Özgürlük Duygusu
Bakıyorsun yazılanlara ve korkuyorsun onlardan. Korku sinmiş hepsine. Korkunun kokusunu alıyorsun ve burnunun direği sızlıyor. Titreyen beyinleri, bilinçaltında birikmiş korku tortularına elin değiyor. Nasılda birikmişler ve sarmışlar etrafını ve beyinlerin her bir hücresini. Beyinler… Bir balık ağına takılmış ahtapot gibi, sudan çıkarılmış tortop olmuşlar.
Fakültede bir iktisat hocası anlatmıştı, Rusya’da 1917 devriminden sonra köylülere özgürlük verilmiş. Özgürlüğü bilmeyen köylüler ağlayıp sızlamışlar tekrar ağalarının emrine girmek için. Korkmuşlar sahipsizlikten. Bir sahibi olunmak istemiş hepsi. İşte böyle bir şey yaşanan şimdilerde!

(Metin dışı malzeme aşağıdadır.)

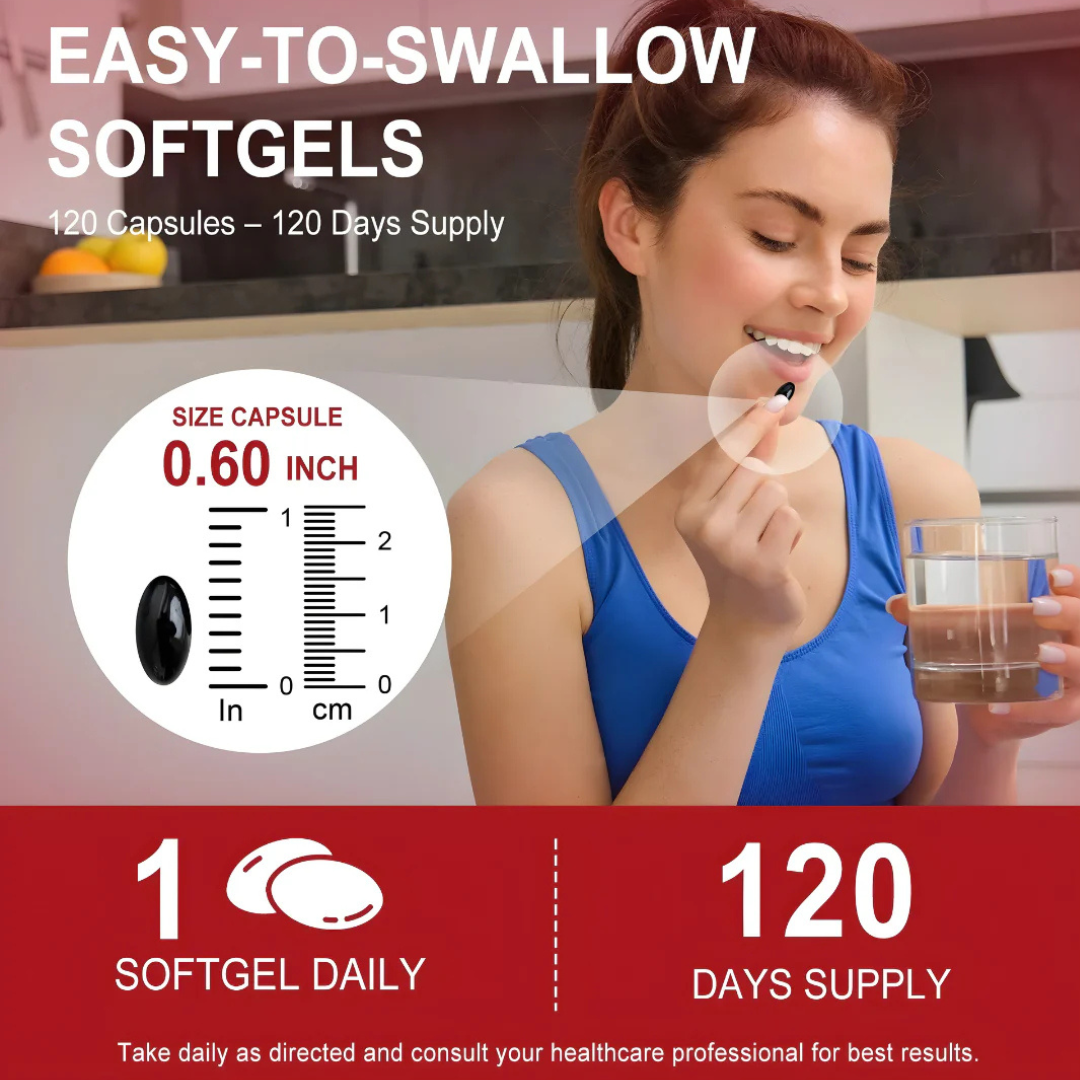 Cativa™ Astaxanthin Softgels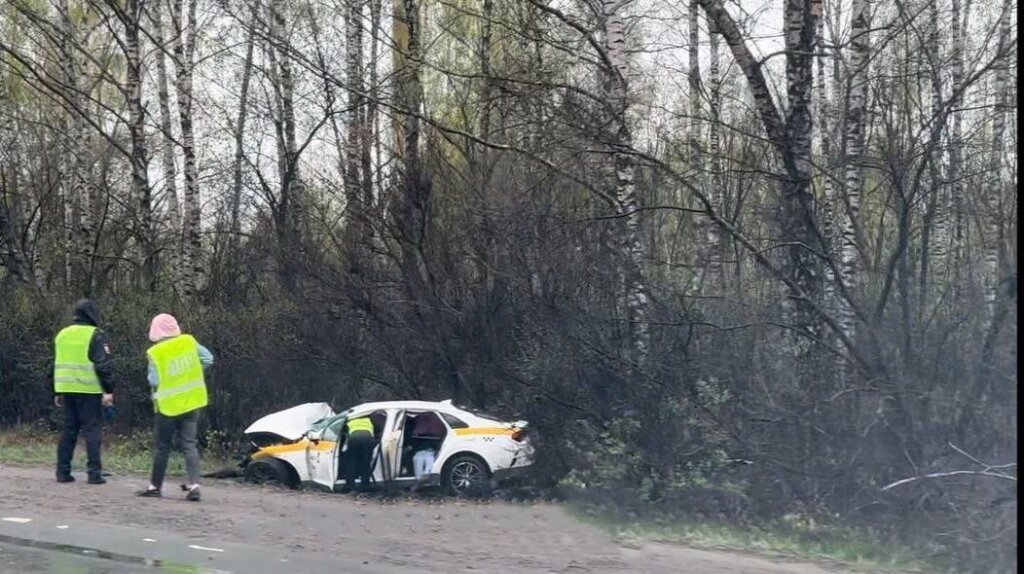 &#171;Таксист уснул за рулем и выехал на встречную&#187;: двое взрослых и ребенок погибли в Нижегородской области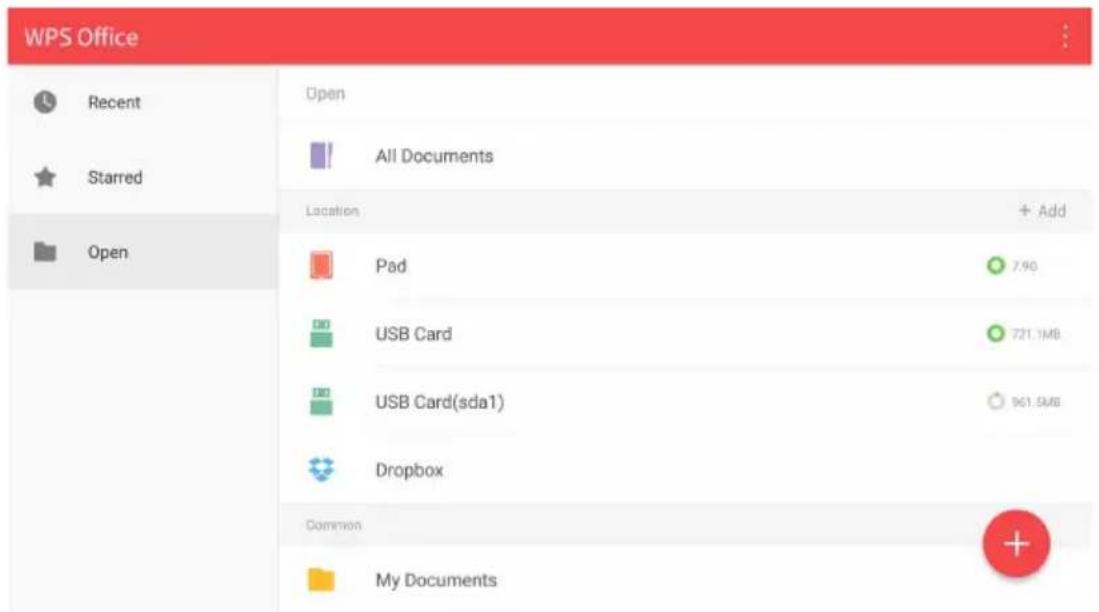 BENQ CS7501 - WPS Office - 1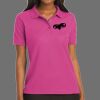Ladies Silk Touch Polo Thumbnail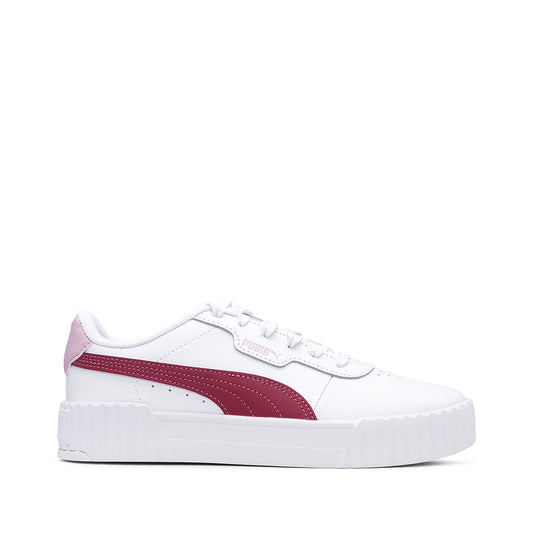 Sapatilha Casual Mulher Carina 3.0 Branco E Rosa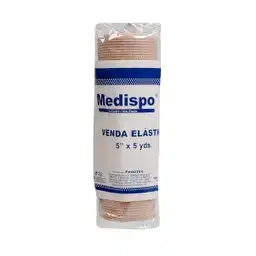 Medispo Venda Elástica de 5X5 Yardas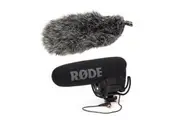 Rode VideoMic Pro-R with Rycote Lyre Shockmount and DeadCat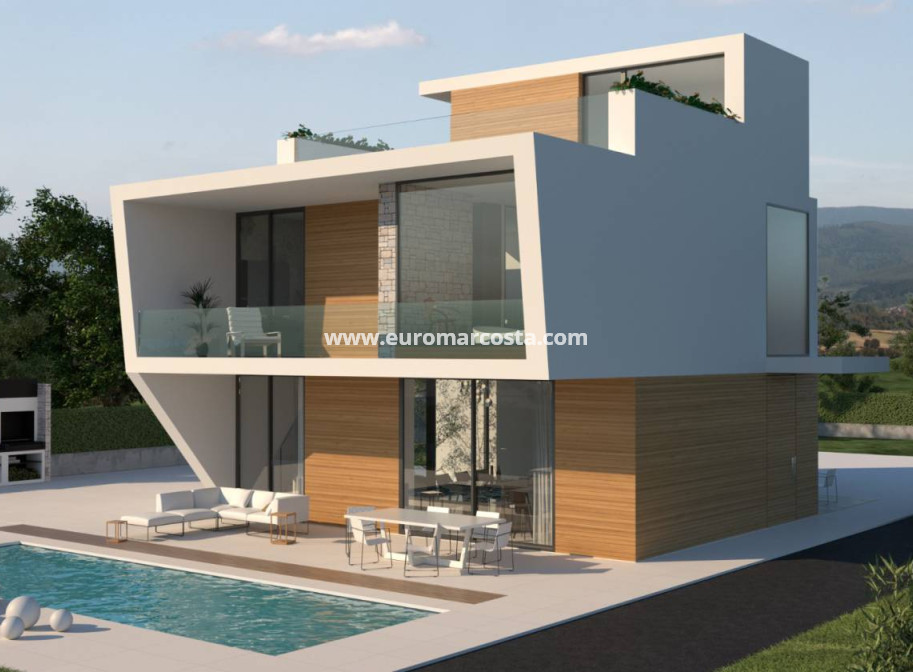New Build - Villa - Orihuela Costa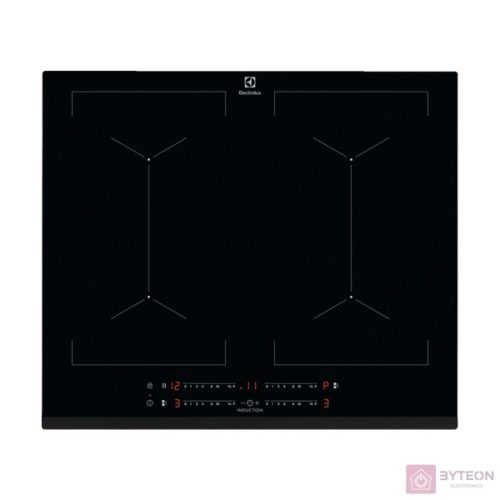 Electrolux EIV644 Indukciós főzőlap - Fekete
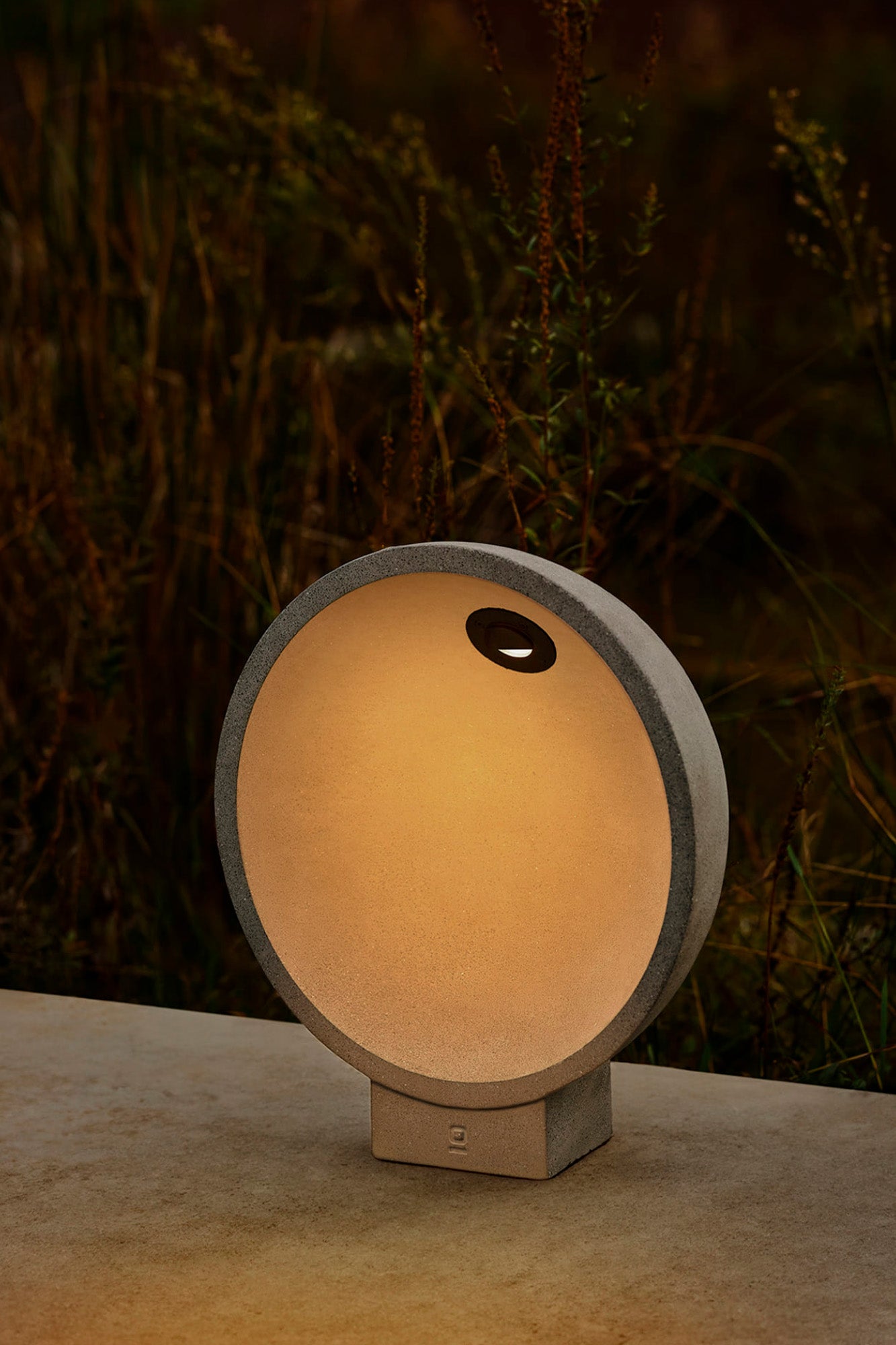 GAIA Grey beacon lamp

Kocaman beyinler ağlaşıyor, korunmalıyız kollanmalıyız… Ama bir şey var; hiçbir düşünce fiziksel bir şeyle korunamaz! Düşünce nasıl korunur? Birisi bana anlatmalı… Başka düşünceleri korkutarak mı? Ötekilere yokmuş gibi yaparak mı?
Önüne ön sonuna son olmayan insan düşüncesine hiç kimse set çekemez. Bu gök kubbeyi hiçbir düşünce başkalarına dar edemez. Ne bir din adına ne de bir ideoloji adına veya bir anlayış adına benim düşünceme sınır çizilemez. Neyi nasıl düşüneceğim benim doğuştan gelen hakkımdır. Bu hak beni insan yapar.
Ne güzeldir korkuları bir kenara iterek, düşünce kırıntıları toplamak, aramak ve yürümek hep. Farklı bir ışık görmek her bir düşünce de. Sonra ne kadar saçma demek kendi düşüncene ve yıkmak her şeyi, yerle bir etmek ve düşünmek yeniden yeniden… Kurmak dünyaları farklı bir yerden bakarak!
Her insan ayrı bir dünyadır demiş diyen. Dünya etle kemik değildir inanın. Düşüncedir ve insan sadece düşüncedir, korkular düşünceyi yok eder. Düşüncenin korkuyla öldürüldüğü yerde insan var mı dır?